Das Lager Janowska – ein „Werk“ Himmlers

Vom Konzentrationslager Janowska, das von 1941 bis 1944 bestand, weiß man leider ganz wenig sogar in Lwiw (Lemberg).

Der Lageplan des Gettos und des Lagers in Lwiw, 1941-42, USHMM

Der Lageplan des Gettos und des Lagers in Lwiw, 1941-42, USHMM

Das Konzentrationslager Janowska war ein Vorposten der „Endlösung“ der jüdischen Frage in der westlichen Ukraine, und nicht nur der jüdischen. Die Verantwortung für die Gewährleistung „der neuen Ordnung auf den östlichen Territorien“ hat Hitler dem Reichsführer der SS und Polizei Himmler auferlegt. Gerade ihm wurde die Organisation der Netze von Zwangsarbeitslagern auf „den annektierten Gebieten“ angewiesen. Im Sommer 1942 hat Himmler sein „Werk“ – das Konzentrationslager Janowska, eines der größten und grausamsten auf dem Territorium der westlichen Ukraine besucht. Innerhalb von zweieinhalb Jahren wurden dort 200.000 Menschen vernichtet. Lebendig blieben nur wenige Dutzende der ehemaligen Gefangenen. Gerade von ihnen hat die Welt über die blutigen Verbrechen der Nazis erfahren.

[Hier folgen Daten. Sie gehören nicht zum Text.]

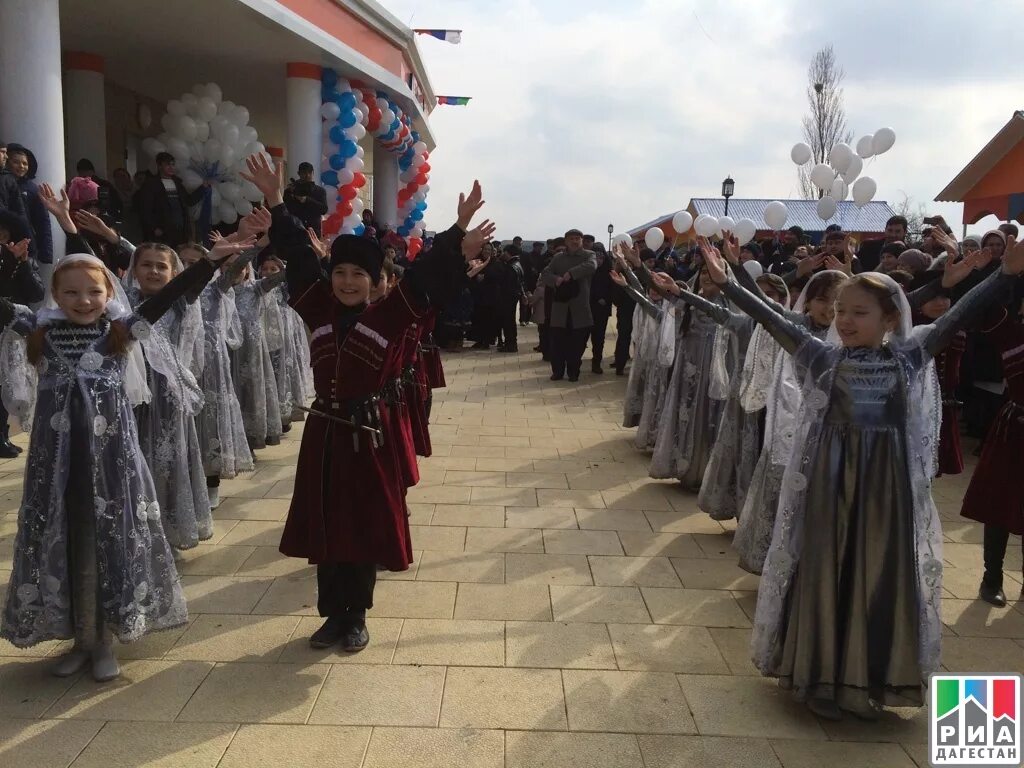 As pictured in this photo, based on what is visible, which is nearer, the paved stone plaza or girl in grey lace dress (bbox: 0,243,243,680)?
the paved stone plaza

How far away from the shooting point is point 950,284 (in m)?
3.66

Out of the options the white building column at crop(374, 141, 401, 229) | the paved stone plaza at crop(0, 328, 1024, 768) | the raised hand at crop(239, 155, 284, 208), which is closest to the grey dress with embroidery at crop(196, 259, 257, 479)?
the paved stone plaza at crop(0, 328, 1024, 768)

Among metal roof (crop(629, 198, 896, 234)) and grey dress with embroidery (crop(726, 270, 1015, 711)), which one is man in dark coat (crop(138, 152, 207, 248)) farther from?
metal roof (crop(629, 198, 896, 234))

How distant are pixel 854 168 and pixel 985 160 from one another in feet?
22.2

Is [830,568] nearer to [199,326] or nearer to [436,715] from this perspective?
[436,715]

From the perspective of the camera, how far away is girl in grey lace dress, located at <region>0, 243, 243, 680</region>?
3162 millimetres

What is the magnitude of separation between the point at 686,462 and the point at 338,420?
11.3 feet

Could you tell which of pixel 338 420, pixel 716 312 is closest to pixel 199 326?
pixel 338 420

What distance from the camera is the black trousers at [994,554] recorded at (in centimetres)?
430

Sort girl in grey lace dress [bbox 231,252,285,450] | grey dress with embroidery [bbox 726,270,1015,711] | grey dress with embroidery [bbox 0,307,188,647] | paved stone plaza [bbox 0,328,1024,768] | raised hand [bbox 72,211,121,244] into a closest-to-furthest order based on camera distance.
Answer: paved stone plaza [bbox 0,328,1024,768], grey dress with embroidery [bbox 726,270,1015,711], grey dress with embroidery [bbox 0,307,188,647], raised hand [bbox 72,211,121,244], girl in grey lace dress [bbox 231,252,285,450]

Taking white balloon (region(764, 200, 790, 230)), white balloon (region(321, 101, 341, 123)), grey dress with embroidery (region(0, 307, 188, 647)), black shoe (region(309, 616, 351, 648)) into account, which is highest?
white balloon (region(321, 101, 341, 123))

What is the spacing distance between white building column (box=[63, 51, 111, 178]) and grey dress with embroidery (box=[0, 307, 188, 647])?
8.89m

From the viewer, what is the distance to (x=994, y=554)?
4.36m

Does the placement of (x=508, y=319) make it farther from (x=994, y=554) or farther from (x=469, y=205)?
(x=469, y=205) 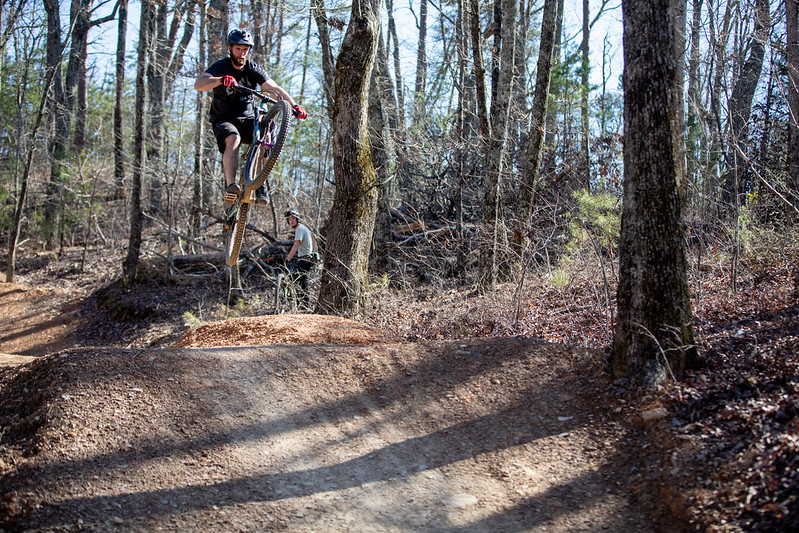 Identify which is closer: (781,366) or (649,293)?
(781,366)

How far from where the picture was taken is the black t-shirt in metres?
7.61

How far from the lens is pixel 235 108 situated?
7793mm

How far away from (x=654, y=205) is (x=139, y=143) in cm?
1525

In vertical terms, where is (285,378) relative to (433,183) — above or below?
below

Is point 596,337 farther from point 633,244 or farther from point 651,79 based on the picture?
point 651,79

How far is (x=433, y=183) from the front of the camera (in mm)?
15609

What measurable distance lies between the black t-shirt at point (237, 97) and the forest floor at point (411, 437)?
3.17 metres

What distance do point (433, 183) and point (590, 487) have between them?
11.8 metres

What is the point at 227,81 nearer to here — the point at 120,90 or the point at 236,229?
the point at 236,229

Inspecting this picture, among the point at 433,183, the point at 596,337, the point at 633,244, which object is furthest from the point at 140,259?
the point at 633,244

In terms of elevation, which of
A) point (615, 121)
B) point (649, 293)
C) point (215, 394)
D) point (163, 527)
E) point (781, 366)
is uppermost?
point (615, 121)

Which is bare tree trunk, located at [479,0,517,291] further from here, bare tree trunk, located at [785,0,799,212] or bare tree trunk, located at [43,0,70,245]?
bare tree trunk, located at [43,0,70,245]

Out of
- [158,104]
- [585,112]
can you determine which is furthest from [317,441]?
[158,104]

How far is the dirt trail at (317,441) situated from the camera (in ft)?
13.7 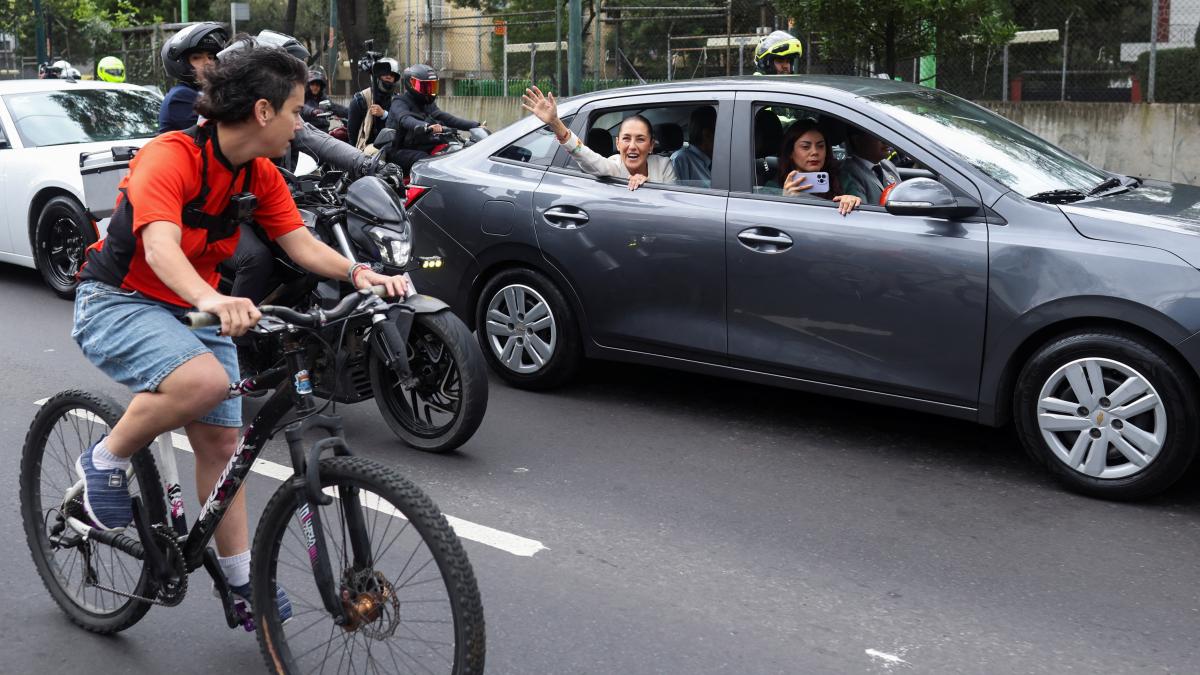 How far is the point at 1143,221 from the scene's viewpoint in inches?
203

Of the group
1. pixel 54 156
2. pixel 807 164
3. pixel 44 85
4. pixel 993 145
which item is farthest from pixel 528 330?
pixel 44 85

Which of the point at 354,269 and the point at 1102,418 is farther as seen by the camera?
the point at 1102,418

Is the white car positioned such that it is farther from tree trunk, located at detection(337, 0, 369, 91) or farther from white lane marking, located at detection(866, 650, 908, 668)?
tree trunk, located at detection(337, 0, 369, 91)

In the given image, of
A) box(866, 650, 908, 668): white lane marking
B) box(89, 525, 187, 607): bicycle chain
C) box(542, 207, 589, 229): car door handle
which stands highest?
box(542, 207, 589, 229): car door handle

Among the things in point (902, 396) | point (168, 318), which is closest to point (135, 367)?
point (168, 318)

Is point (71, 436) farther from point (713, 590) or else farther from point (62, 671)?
point (713, 590)

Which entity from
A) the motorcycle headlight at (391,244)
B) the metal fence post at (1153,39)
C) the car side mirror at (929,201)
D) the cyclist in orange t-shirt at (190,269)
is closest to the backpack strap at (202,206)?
the cyclist in orange t-shirt at (190,269)

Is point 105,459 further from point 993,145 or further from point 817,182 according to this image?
point 993,145

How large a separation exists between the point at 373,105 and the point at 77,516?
10.0 meters

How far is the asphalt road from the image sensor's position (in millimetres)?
3908

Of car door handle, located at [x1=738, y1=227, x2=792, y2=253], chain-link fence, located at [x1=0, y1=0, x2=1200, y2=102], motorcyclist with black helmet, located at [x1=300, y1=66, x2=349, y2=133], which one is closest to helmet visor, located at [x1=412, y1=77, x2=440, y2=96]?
motorcyclist with black helmet, located at [x1=300, y1=66, x2=349, y2=133]

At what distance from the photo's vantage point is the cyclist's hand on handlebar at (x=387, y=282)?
3.21m

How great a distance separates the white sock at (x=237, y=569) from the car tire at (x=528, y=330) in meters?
3.27

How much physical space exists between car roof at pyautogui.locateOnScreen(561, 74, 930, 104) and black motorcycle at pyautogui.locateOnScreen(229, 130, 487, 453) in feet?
5.04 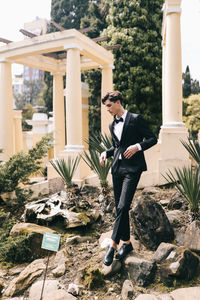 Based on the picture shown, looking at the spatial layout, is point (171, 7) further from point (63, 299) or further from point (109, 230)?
point (63, 299)

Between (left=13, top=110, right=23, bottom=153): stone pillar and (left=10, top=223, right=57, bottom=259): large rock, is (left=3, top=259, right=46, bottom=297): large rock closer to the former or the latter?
(left=10, top=223, right=57, bottom=259): large rock

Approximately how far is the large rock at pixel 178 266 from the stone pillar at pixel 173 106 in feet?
12.1

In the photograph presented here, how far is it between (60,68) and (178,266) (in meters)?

Reichsführer SS Heinrich Himmler (Zentrum, rechts) besucht Janowska Konzentrationslager

Reichsführer SS Heinrich Himmler (Zentrum, rechts) besucht das Konzentrationslager Janowska, USHMM (50754), Instytut Pamieci Narodowej

Auf Befehl des Gouverneurs des Distrikts Galicien Wächter wurde im November 1941 in Lwiw das Konzentrationslager aufgebaut, das die Nazis Zwangsarbeitslager genannt haben. Das Lager Janowska ist ein Territorium mit der Fläche von 2990 Quadratmetern auf der Straße Janowskaja (zwischen dem jüdischen Friedhof einerseits und der Eisenbahn andererseits). Es wurde mit einer Steinwand umzäunt, die oben mit Bruchglas bestreut wurde. Das Lager bestand aus drei Teilen. Im ersten Amtsbau war die Kanzlei; im zweiten befanden sich vier Baracken für die männlichen Häftlinge, das Lagerhaus; im dritten Teil vier weibliche Baracken und die Sauna. Im Janowska Lager wurden in der Fabrik des Todes spezielle 10-tägige Kurse der Leichen-Verbrennung organisiert, wo sich 12 Häftlinge, die aus den Lagern von Lublin-Warschau und anderen nach Lwiw geschickt wurden, damit beschäftigten. Einer der Kurslehrer war der Kommandant des Verbrennens Oberst Schallok, der an Ort und Stelle, wo Leichen ausgegraben und verbrannt wurden, erzählte, wie man das macht, und die Einrichtung der Knochen-Mahl-Maschine erläuterte. Schallok erklärte, wie die Grube zu ebnen, die Asche durchzusieben und die Bäume an diesem Ort zu pflanzen, wie die Asche zu verstreuen und zu verbergen.